Ванников — Ванниковым, но выходить из создавшейся ситуации предстояло не ему, а Кикоину. Посоветовавшись с Курчатовым, он обратился за помощью к академику Александру Наумовичу Фрумкину. Тот с группой сотрудников приехал на Урал и принялся изучать возникшую проблему.
Через некоторое время её удалось решить.
Но возник новый казус.
В электродвигателях была перегородка, отделявшая статор от ротора. Она подвергалась сильнейшей коррозии. Химически агрессивный гексафторид урана разъедал её так, что поступило предложение заменить металлическую перегородку керамической. Но и это оказалось не таким уж простым делом. Тогда и обратились за помощью к Анатолию Александрову:
«— Слушай, — говорят, — тут перепробовали сто одну пластмассу, для того чтобы сделать разделительную перегородку между ротором и статором двигателей. Не можешь ли ты нам в этом деле помочь? Ты же когда-то занимался всякими полимерами и пластмассами.

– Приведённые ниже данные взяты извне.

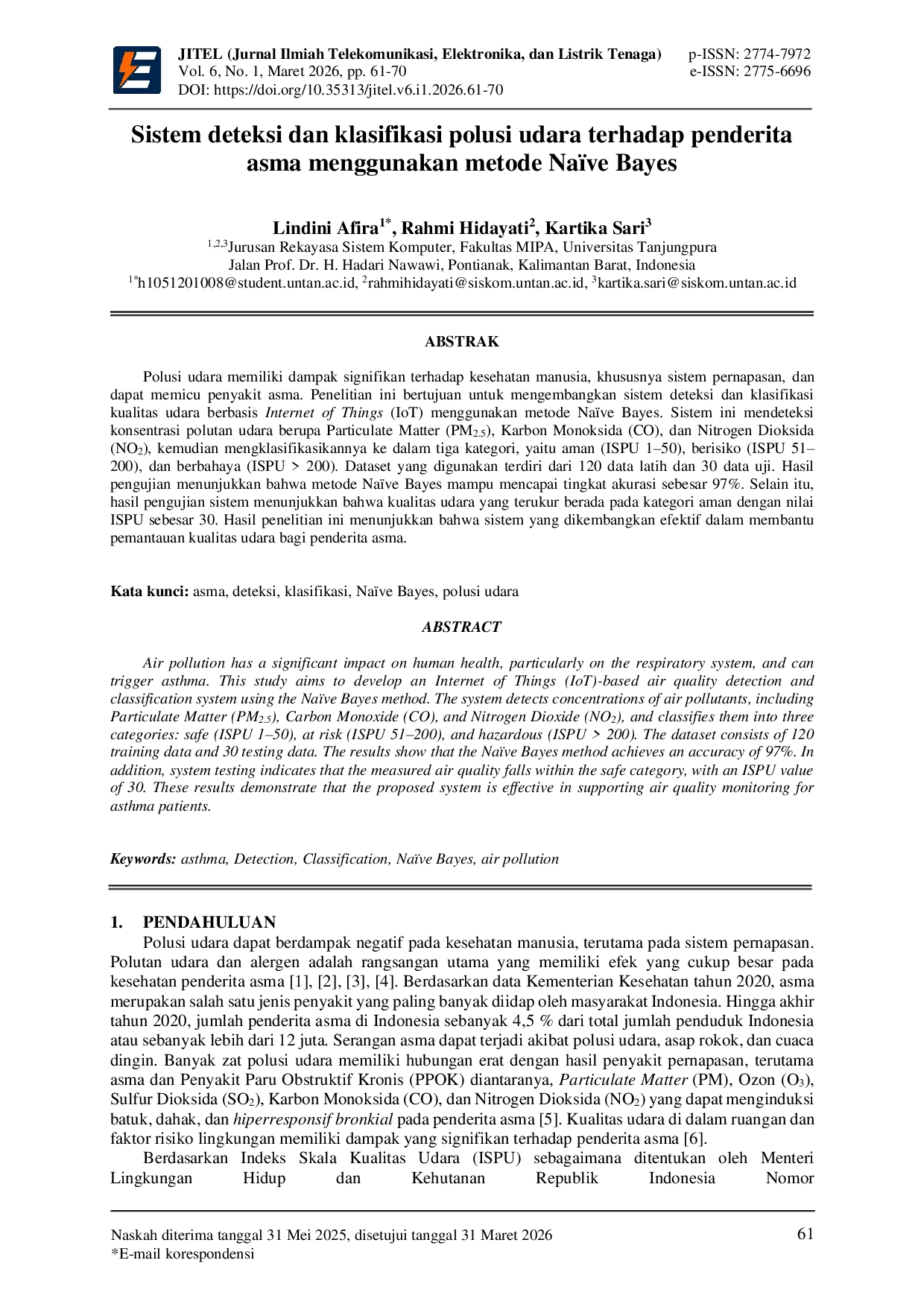 JURIS Sistem deteksi dan klasifikasi polusi udara terhadap penderita asma menggunakan metode Na ve Bayes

Я посмотрел и сказал, что может оказаться хорошим очень простой выход:
— Нужно взять и ваши керамические рубашки покрыть олифой. Натуральной только, обязательно! Она создаст такую плёнку, которая как раз меньше всего будет реагировать с вашим гексафторидом.
Они начали страшно хохотать:
— Неужели такой простой выход?
Я говорю:
— Берусь вам это дело сработать!
Действительно, с завода моментально дали людей, мы с ними поехали на разные производства в этом городе, в конце концов, добыли натуральную олифу. Первые керамические рубашки покрыли этой самой олифой, высушили (там прогрев полагается делать примерно до 110 градусов). Получились великолепные блестящие рубашки без всяких дефектов.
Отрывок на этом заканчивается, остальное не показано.